The invention may be better understood, and further advantages and used thereof more readily apparent, when considered in view of the following detailed description of exemplary embodiments, taken with the accompanying drawings in which:
FIG. 1 is a schematic diagram of an elevator system constructed according to the teachings of the invention;
FIG. 2 is a partially schematic and partially block diagram of a hall lantern controller which may be used for the hall lantern controllers shown in block form in FIG. 1;
FIG. 3 is a partially schematic and partially block diagram of a car controller which may be used for the car controller shown in block form in FIG. 1;
FIG. 4 is a RAM map of the car controller RAM, which illustrates the various signals and tables stored therein by the hall lantern module;
FIG. 5 is a RAM map of a hall controller RAM, which illustrates the signals stored therein by a hall lantern controller;
FIG. 6 is a flow chart of a modification with which may be made to the RUN function of a car controller, to signify when a hall lantern should be illuminated;
FIg. 7 is a flow chart of a modification which may be made to the LAND function of a car controller, to signify when a hall lantern should be turned off;
FIGS. 8A and 8B may be assembled to provide a flow chart of a hall lantern module which may be placed into bid by the flow charts set forth in FIGS. 6 and 7, and run by the Priority Executive;
FIGS. 9A and 9B may be assembled to provide a flow chart of a program which may be run by each hall lantern controller; and
FIG. 10 sets forth a modification of FIG. 8, according to another embodiment of the invention.

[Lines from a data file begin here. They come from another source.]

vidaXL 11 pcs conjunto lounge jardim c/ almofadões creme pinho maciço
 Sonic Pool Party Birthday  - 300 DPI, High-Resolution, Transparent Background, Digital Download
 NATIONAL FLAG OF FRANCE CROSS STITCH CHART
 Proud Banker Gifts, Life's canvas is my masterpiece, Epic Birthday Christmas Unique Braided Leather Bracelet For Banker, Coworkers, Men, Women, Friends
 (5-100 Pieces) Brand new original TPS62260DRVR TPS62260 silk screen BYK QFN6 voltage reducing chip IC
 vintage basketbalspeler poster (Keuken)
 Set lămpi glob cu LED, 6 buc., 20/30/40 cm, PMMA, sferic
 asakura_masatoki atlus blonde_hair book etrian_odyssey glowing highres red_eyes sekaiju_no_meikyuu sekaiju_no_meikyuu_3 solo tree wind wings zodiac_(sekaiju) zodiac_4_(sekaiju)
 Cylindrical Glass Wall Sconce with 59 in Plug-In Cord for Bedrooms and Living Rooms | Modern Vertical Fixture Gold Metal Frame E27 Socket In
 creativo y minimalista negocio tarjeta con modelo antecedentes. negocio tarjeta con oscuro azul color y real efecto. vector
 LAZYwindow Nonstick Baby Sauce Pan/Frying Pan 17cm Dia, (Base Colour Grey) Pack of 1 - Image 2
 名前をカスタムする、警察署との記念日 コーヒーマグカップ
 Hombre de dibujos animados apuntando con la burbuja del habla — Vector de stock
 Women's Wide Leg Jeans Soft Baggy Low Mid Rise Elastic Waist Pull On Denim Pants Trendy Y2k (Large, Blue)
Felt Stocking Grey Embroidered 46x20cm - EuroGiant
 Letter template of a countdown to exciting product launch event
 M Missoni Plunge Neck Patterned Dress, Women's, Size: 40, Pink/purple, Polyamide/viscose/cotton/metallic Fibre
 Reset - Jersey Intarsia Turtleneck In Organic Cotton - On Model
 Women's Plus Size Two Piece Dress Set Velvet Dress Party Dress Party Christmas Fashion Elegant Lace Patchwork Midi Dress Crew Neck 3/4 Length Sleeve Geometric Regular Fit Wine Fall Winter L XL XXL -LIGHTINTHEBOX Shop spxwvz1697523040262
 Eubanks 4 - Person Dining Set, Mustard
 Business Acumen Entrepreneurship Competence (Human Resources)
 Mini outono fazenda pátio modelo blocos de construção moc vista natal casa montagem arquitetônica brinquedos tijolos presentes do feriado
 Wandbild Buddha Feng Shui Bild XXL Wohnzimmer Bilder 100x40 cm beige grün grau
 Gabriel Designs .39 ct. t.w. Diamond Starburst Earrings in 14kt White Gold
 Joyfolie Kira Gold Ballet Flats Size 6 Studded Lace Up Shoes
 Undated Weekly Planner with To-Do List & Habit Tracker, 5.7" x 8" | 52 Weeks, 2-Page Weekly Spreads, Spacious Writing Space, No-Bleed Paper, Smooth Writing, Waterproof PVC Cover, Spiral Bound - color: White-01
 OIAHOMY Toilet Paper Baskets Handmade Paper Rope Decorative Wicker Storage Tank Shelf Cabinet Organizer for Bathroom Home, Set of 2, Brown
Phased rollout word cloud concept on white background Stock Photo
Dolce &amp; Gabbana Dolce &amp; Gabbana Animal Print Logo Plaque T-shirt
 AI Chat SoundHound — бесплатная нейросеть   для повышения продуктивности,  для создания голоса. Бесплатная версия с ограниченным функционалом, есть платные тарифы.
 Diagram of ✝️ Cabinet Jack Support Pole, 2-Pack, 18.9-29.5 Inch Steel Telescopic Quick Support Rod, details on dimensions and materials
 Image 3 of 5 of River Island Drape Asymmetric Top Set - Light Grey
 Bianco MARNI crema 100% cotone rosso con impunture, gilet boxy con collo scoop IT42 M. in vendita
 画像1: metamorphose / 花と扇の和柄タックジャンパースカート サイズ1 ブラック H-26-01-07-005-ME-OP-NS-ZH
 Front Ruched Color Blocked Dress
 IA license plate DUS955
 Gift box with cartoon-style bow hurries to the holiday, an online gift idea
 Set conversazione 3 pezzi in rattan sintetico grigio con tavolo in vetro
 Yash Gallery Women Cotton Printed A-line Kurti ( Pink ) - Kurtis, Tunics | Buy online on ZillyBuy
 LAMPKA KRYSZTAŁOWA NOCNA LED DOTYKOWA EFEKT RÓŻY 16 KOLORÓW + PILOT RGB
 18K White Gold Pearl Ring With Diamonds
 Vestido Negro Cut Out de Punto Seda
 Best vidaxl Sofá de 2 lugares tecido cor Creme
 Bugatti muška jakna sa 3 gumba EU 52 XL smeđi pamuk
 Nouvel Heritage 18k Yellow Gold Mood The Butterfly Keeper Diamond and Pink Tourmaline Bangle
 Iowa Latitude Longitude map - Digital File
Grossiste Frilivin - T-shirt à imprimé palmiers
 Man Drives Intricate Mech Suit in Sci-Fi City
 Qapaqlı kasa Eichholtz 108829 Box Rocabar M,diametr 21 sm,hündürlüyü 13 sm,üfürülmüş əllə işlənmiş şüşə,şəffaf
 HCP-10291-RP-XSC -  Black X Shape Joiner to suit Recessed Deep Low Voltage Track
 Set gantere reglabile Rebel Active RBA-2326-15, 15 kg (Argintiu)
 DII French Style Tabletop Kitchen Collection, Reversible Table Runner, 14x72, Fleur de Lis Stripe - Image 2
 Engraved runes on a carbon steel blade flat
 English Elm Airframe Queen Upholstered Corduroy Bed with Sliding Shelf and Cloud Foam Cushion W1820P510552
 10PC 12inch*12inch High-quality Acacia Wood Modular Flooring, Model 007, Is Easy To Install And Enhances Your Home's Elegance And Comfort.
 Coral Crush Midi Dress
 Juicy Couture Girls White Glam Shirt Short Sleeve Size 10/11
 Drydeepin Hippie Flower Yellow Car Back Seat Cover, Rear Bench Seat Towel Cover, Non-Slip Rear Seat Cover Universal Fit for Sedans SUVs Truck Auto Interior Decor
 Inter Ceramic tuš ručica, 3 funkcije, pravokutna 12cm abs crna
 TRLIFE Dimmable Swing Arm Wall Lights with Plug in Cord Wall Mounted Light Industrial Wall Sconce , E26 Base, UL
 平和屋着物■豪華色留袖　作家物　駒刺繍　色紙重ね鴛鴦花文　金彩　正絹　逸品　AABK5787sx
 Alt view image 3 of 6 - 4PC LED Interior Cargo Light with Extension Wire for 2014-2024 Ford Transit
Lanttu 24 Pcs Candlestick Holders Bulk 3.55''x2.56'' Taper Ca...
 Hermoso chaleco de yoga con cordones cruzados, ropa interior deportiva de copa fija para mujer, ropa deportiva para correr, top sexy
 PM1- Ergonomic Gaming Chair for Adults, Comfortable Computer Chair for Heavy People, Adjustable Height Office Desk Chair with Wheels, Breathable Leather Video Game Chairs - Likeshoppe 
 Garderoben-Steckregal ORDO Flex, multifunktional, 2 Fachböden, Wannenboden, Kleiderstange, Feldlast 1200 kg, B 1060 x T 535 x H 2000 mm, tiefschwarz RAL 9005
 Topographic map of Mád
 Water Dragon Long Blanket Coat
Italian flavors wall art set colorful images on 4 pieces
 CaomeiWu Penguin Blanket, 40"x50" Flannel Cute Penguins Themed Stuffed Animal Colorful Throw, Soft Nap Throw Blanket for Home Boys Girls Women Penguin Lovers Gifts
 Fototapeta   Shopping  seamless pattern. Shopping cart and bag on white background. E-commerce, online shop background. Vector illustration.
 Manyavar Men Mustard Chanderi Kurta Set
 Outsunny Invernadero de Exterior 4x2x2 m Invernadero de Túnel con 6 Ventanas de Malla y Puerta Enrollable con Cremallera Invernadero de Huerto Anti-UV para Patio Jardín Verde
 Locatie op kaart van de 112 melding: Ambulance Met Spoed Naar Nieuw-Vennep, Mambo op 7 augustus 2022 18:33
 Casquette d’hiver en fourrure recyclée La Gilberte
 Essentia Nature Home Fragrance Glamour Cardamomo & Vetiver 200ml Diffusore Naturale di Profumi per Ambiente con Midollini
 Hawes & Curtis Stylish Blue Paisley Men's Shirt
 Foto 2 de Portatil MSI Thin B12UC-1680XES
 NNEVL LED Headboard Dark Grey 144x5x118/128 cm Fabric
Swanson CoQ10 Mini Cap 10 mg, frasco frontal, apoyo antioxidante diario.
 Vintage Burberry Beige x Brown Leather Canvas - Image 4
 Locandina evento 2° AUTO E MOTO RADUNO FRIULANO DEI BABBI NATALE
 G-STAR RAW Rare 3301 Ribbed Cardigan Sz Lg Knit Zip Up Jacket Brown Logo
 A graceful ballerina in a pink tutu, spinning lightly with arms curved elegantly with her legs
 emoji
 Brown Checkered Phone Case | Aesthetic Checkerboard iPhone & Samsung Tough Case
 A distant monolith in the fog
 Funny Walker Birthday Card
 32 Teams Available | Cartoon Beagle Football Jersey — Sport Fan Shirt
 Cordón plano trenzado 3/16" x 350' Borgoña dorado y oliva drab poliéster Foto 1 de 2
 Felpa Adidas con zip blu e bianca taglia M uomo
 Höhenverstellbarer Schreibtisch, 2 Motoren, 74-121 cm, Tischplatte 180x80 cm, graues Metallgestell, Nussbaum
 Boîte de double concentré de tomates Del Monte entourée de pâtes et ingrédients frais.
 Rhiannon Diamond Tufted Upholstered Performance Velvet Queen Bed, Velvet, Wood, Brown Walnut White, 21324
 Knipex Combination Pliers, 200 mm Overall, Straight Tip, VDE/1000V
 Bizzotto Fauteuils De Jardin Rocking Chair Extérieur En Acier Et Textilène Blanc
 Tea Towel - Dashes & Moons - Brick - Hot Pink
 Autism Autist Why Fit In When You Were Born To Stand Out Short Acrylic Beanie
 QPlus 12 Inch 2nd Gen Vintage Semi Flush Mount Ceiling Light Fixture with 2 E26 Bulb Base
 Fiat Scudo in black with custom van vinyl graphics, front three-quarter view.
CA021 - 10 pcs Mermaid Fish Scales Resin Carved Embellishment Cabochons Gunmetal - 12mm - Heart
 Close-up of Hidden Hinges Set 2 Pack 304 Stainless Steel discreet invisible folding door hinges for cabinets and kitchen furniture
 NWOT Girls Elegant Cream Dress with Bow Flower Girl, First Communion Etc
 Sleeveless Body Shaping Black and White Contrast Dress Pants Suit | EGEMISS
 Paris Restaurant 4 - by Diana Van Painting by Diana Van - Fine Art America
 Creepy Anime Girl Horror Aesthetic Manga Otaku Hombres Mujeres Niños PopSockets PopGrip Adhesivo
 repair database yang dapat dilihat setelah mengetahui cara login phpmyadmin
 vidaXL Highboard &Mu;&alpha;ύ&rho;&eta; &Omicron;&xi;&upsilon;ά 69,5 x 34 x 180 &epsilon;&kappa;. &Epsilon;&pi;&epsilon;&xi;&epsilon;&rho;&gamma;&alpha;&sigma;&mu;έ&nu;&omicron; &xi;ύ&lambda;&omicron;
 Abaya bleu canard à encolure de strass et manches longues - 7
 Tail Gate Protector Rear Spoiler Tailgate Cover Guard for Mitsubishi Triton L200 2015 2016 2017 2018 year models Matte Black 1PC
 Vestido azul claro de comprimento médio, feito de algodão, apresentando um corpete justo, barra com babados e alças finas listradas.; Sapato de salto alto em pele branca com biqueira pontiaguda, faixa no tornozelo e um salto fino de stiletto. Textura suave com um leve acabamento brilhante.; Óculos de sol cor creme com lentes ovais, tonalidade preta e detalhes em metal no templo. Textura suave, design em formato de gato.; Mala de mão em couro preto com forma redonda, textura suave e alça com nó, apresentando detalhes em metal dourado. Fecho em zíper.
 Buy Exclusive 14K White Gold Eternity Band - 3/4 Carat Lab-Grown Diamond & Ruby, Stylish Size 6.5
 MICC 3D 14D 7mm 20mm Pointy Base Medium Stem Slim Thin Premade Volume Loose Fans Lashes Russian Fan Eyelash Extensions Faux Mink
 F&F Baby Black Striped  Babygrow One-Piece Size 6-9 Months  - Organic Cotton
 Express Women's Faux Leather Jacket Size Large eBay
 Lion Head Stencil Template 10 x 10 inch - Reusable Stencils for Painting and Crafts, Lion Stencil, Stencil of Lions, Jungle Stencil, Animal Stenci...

Broadly, the present invention is a new and improved elevator system having means for detecting faulty lamps located at the various floors of the associated building. The lamps at each floor are controlled by a controller or processor at the floor which receives illumination commands over a communication link from a central processor, such as a car controller or a dispatcher control. For purposes of example, the invention will be described relative to the lamps of the hall lanterns, but it is to be understood that the invention applies equally to the detection of other per-floor lamps controlled by a processor which includes a microcomputer. Certain of the hall lantern apparatus disclosed but not claimed in the present application is disclosed and claimed in the hereinbefore mentioned copending application Ser. No. 527,920.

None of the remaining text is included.